_Task directions_
Please produce an exact transcription of the lines from the one containing "Desert Lover'S Luxury" through the last line of the entries, leaving out every picture.

Short text fragments from websites:

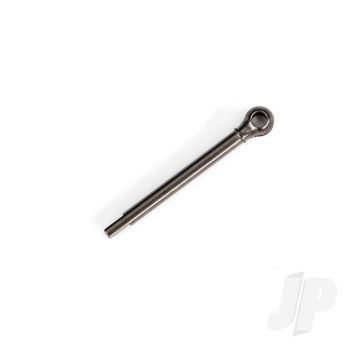 Traxxas Axle Shaft, Front (Hardened Steel) (TRX9729X)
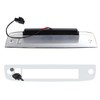 LED 3rd Brake Light Assembly High Mount Stop Light Fit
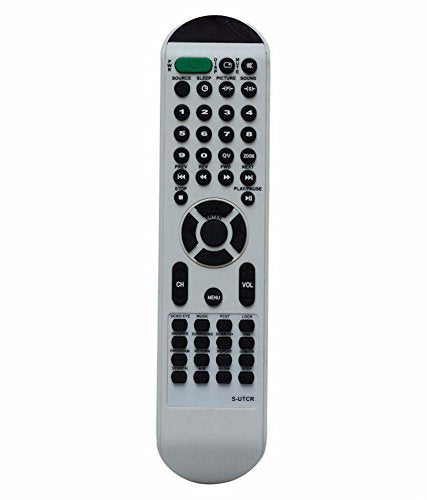 EHOP Compatible Remote Control for SANSUI/VIDEOCON LCD LED TV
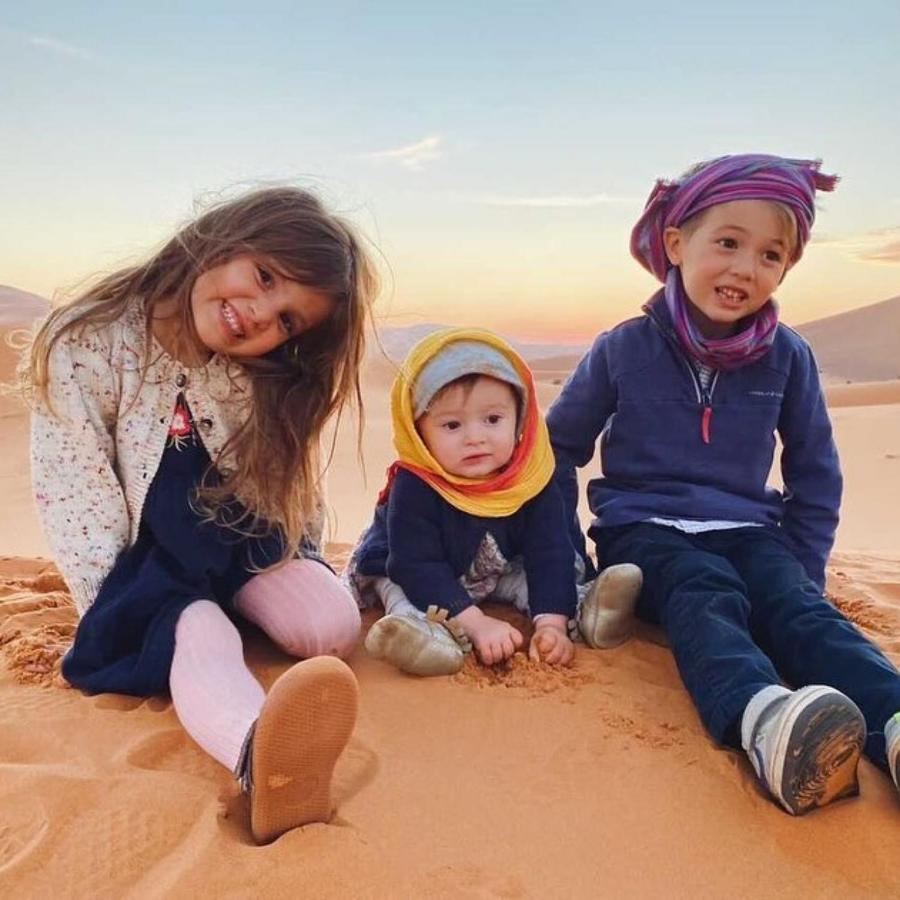 Desert Lover'S Luxury Camp Merzouga Bagian luar foto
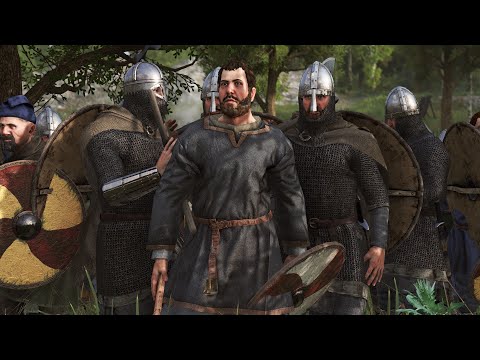 Viking Siege - Mount & Blade Bannerlord - Anno Domini Dark Ages Mod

_Answer box_
 Desert Lover'S Luxury Camp Merzouga Bagian luar foto
 Viking Siege - Mount & Blade Bannerlord - Anno Domini Dark Ages Mod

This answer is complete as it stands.